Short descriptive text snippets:
··········

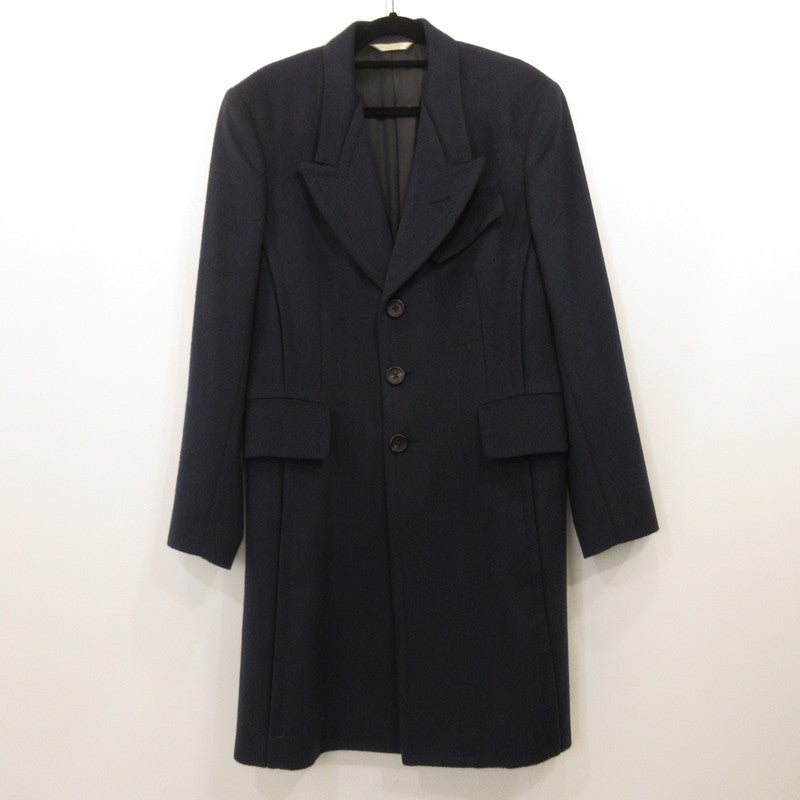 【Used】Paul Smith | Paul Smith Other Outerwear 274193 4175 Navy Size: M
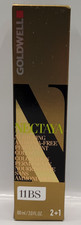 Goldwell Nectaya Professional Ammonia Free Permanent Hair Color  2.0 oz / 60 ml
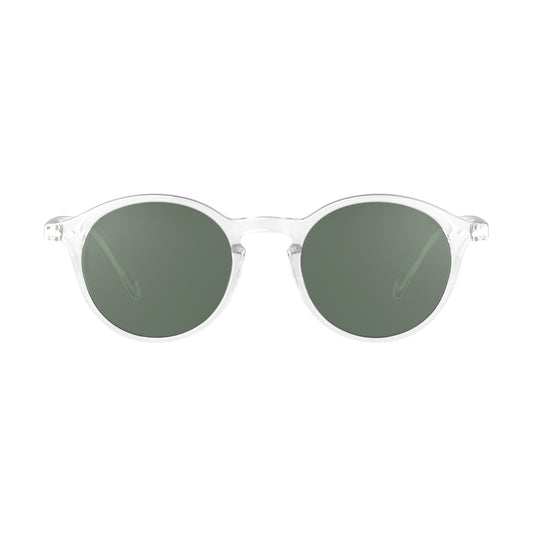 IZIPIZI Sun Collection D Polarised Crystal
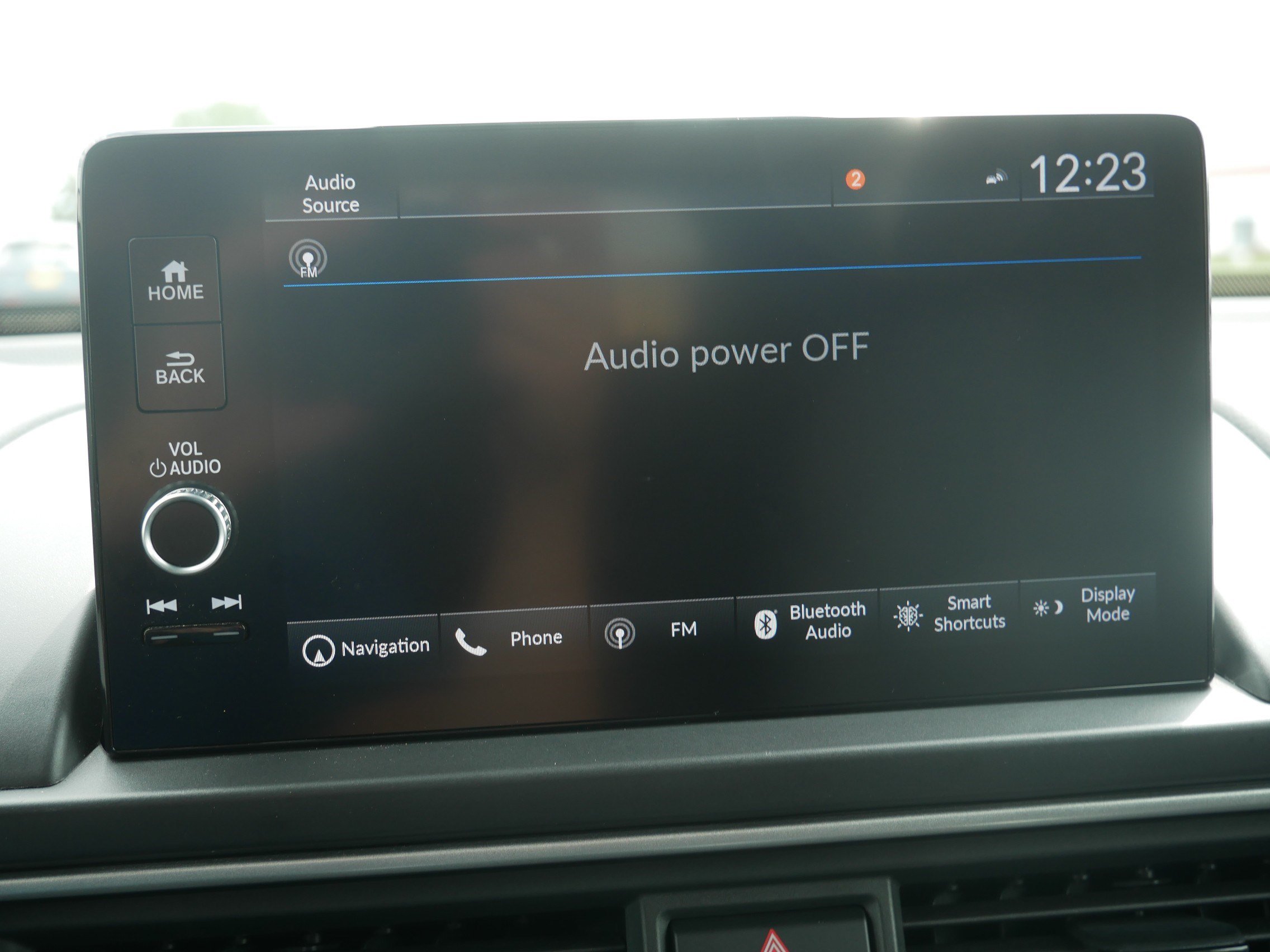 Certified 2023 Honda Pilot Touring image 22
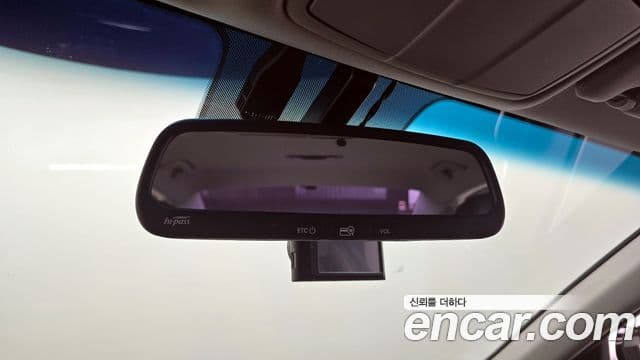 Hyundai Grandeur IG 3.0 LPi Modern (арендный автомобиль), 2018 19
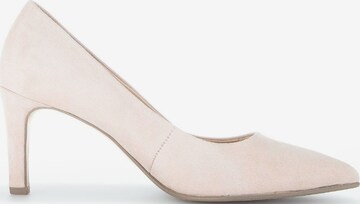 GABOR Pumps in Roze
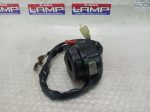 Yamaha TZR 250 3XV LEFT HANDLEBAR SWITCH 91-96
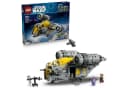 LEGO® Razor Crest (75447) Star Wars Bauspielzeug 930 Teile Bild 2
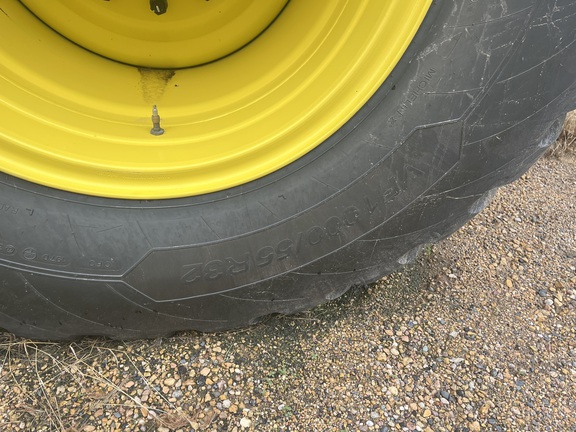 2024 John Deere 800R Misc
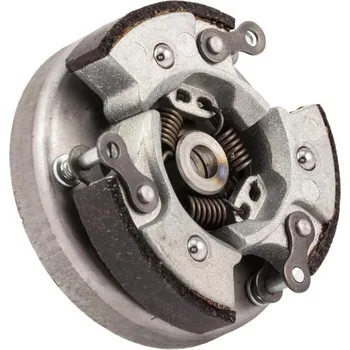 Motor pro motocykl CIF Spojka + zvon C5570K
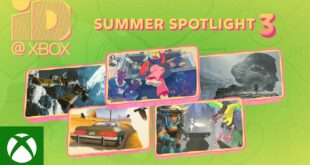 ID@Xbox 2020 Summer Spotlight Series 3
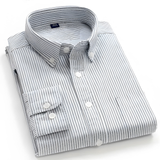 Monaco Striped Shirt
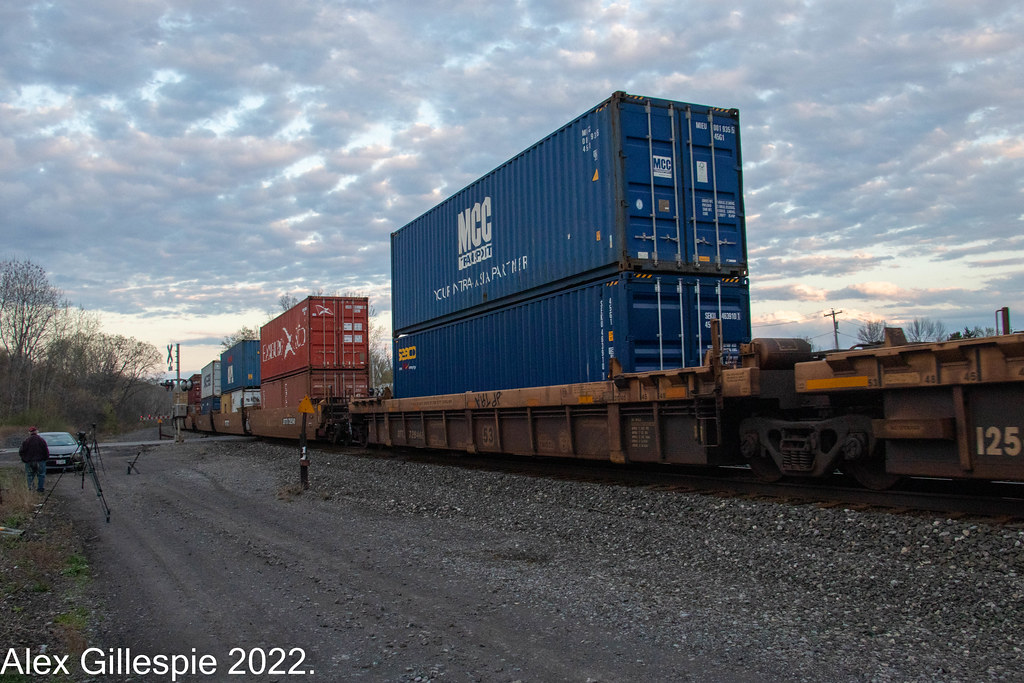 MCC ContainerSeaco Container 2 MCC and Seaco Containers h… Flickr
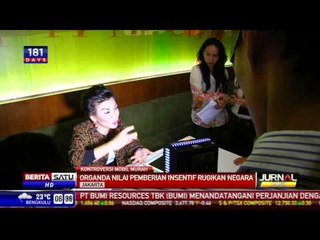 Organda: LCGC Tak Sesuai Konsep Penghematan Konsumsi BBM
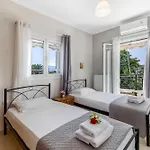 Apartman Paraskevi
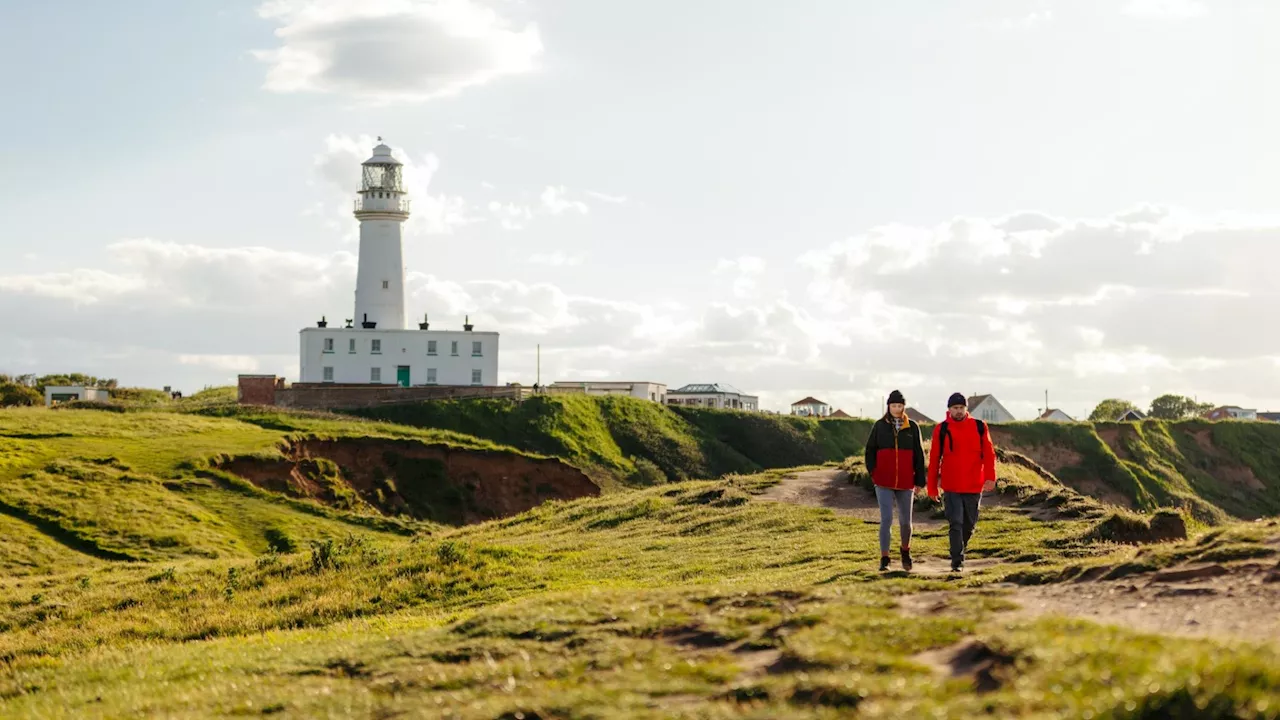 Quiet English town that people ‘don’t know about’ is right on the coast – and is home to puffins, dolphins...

··········

## Requirement
Each entry gets copied exactly; the pictures stay out.

## Answer space
 【Used】Paul Smith | Paul Smith Other Outerwear 274193 4175 Navy Size: M
 Goldwell Nectaya Professional Ammonia Free Permanent Hair Color  2.0 oz / 60 ml
 IZIPIZI Sun Collection D Polarised Crystal
 Certified 2023 Honda Pilot Touring image 22
 Hyundai Grandeur IG 3.0 LPi Modern (арендный автомобиль), 2018 19
 GABOR Pumps in Roze
 Yamaha TZR 250 3XV LEFT HANDLEBAR SWITCH 91-96
 LEGO® Razor Crest (75447) Star Wars Bauspielzeug 930 Teile Bild 2
 2024 John Deere 800R Misc
 Motor pro motocykl CIF Spojka + zvon C5570K
 ID@Xbox 2020 Summer Spotlight Series 3
 Monaco Striped Shirt
 MCC ContainerSeaco Container 2 MCC and Seaco Containers h… Flickr
 Organda: LCGC Tak Sesuai Konsep Penghematan Konsumsi BBM
 Apartman Paraskevi
 Quiet English town that people ‘don’t know about’ is right on the coast – and is home to puffins, dolphins...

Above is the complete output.